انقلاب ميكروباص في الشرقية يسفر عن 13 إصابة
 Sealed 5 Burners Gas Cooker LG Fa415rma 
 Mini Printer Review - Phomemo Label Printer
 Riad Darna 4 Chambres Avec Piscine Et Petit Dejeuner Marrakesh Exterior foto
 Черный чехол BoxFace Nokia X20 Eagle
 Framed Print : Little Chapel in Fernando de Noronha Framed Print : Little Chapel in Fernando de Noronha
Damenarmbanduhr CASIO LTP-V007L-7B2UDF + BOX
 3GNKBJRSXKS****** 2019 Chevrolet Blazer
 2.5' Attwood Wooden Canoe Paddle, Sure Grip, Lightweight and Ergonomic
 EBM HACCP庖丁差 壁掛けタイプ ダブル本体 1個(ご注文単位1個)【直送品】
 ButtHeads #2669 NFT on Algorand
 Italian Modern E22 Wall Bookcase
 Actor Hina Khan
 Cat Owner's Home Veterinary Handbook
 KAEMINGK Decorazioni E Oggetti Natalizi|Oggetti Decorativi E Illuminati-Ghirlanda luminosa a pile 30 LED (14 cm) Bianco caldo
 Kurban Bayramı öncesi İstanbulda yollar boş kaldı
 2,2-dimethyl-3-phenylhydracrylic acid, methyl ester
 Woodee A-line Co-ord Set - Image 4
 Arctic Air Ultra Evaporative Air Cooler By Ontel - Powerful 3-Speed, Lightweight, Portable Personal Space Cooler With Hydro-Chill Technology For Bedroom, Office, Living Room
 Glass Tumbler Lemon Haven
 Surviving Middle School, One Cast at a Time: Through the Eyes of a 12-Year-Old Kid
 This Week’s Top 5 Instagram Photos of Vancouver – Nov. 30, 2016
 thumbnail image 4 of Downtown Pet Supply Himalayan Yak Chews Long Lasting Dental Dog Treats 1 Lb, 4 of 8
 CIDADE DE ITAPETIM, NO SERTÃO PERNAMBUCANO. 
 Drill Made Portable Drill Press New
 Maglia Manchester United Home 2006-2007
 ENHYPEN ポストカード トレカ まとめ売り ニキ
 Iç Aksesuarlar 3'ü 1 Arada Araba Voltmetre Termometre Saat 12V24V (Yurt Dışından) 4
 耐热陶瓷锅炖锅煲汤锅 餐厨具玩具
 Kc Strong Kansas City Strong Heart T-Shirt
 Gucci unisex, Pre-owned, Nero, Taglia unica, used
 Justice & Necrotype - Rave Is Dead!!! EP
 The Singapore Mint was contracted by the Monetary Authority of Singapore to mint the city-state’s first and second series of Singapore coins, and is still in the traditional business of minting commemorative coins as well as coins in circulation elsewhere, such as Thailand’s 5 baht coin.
+ + + + + + +
— The problem —
Everything from the line containing "Arctic Air Ultra" to the end of the listing above must be returned exactly. Both end lines belong in it.

— Answer section —
 Arctic Air Ultra Evaporative Air Cooler By Ontel - Powerful 3-Speed, Lightweight, Portable Personal Space Cooler With Hydro-Chill Technology For Bedroom, Office, Living Room
 Glass Tumbler Lemon Haven
 Surviving Middle School, One Cast at a Time: Through the Eyes of a 12-Year-Old Kid
 This Week’s Top 5 Instagram Photos of Vancouver – Nov. 30, 2016
 thumbnail image 4 of Downtown Pet Supply Himalayan Yak Chews Long Lasting Dental Dog Treats 1 Lb, 4 of 8
 CIDADE DE ITAPETIM, NO SERTÃO PERNAMBUCANO. 
 Drill Made Portable Drill Press New
 Maglia Manchester United Home 2006-2007
 ENHYPEN ポストカード トレカ まとめ売り ニキ
 Iç Aksesuarlar 3'ü 1 Arada Araba Voltmetre Termometre Saat 12V24V (Yurt Dışından) 4
 耐热陶瓷锅炖锅煲汤锅 餐厨具玩具
 Kc Strong Kansas City Strong Heart T-Shirt
 Gucci unisex, Pre-owned, Nero, Taglia unica, used
 Justice & Necrotype - Rave Is Dead!!! EP
 The Singapore Mint was contracted by the Monetary Authority of Singapore to mint the city-state’s first and second series of Singapore coins, and is still in the traditional business of minting commemorative coins as well as coins in circulation elsewhere, such as Thailand’s 5 baht coin.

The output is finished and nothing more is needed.